START SOURCE DATA

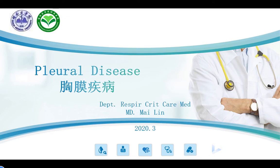Hello everyone, nice to meet you again. This is Mai Lin from the respiratory department. In this class, we will learn a new chapter of the respiratory disease: the pleural disease, called 胸膜疾病 in Chinese.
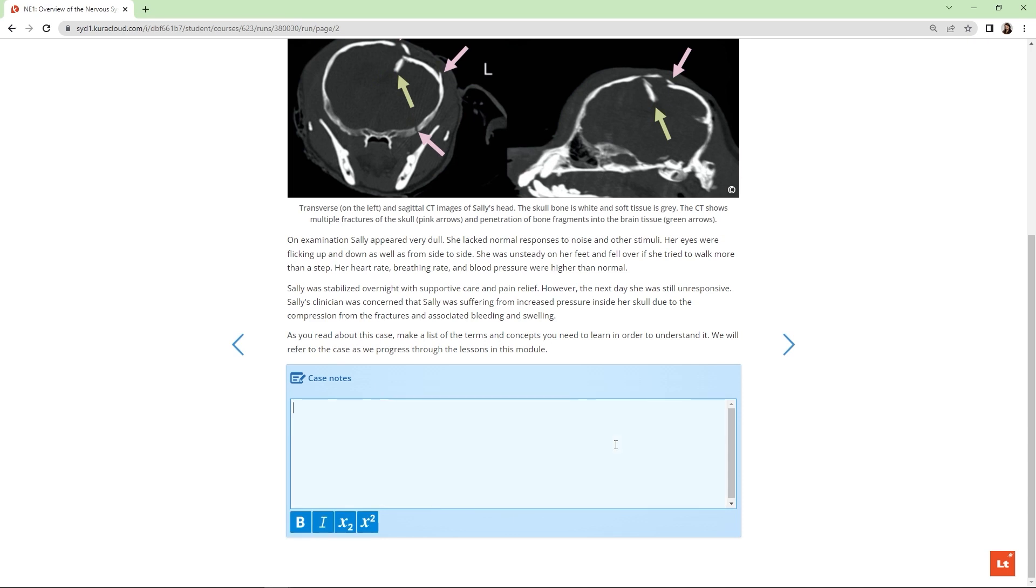Students are also given a place to add their case notes, where they can write down important facts, terms or questions they have. These can all be revisited throughout the lesson.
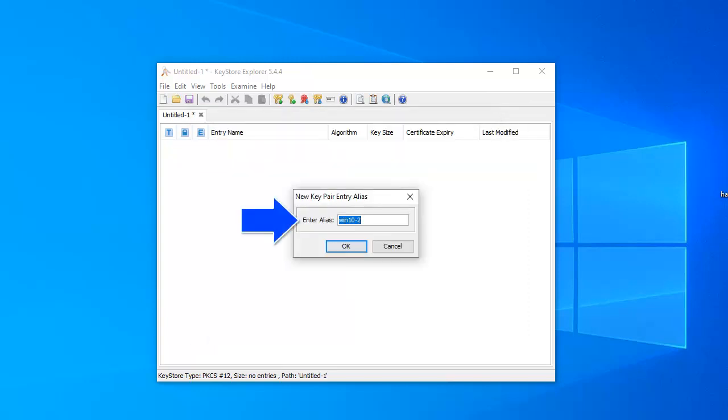The key pair needs an alias. Keep this in mind because the alias needs to be referenced in UCSRV.ini. We can use anything, so for our purposes we'll use the AE hostname.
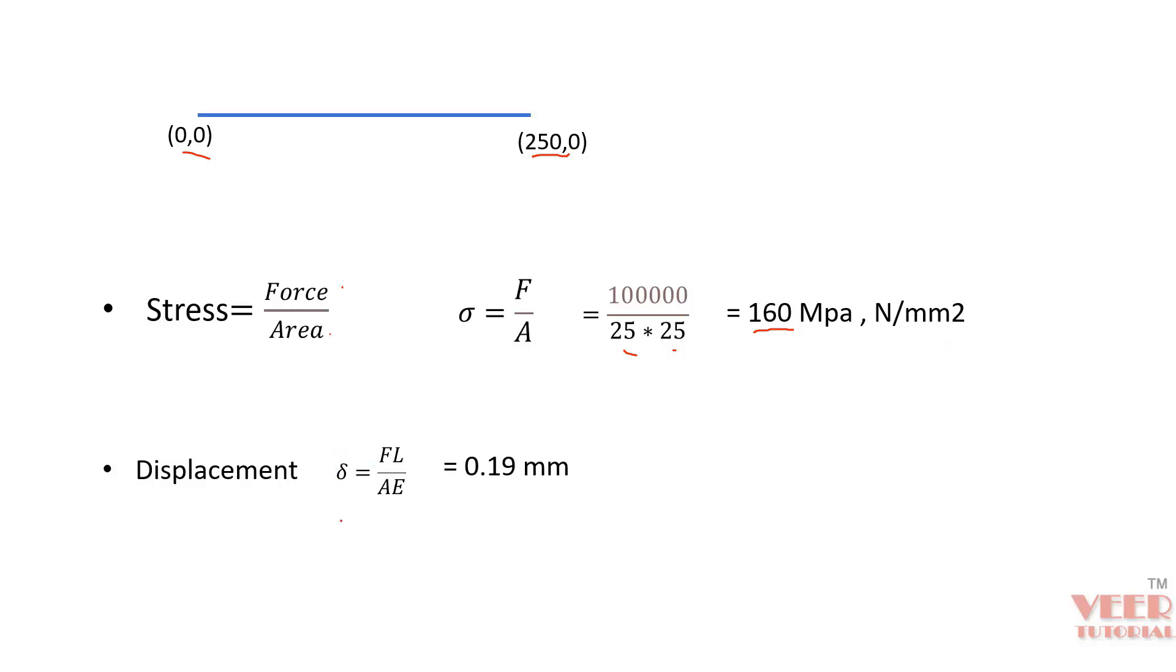And when we calculate the value of displacement using Hooke's law, delta is basically the displacement or deflection. That is FL by AE. We have all these values: F for force, L is length, A is the area, E is the Young's modulus. And we get this value 0.19 mm.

END SOURCE DATA

## WORK INSTRUCTION
Type out the data above again exactly as written, minus the images.

## TASK RESULT
Hello everyone, nice to meet you again. This is Mai Lin from the respiratory department. In this class, we will learn a new chapter of the respiratory disease: the pleural disease, called 胸膜疾病 in Chinese.
Students are also given a place to add their case notes, where they can write down important facts, terms or questions they have. These can all be revisited throughout the lesson.
The key pair needs an alias. Keep this in mind because the alias needs to be referenced in UCSRV.ini. We can use anything, so for our purposes we'll use the AE hostname.
And when we calculate the value of displacement using Hooke's law, delta is basically the displacement or deflection. That is FL by AE. We have all these values: F for force, L is length, A is the area, E is the Young's modulus. And we get this value 0.19 mm.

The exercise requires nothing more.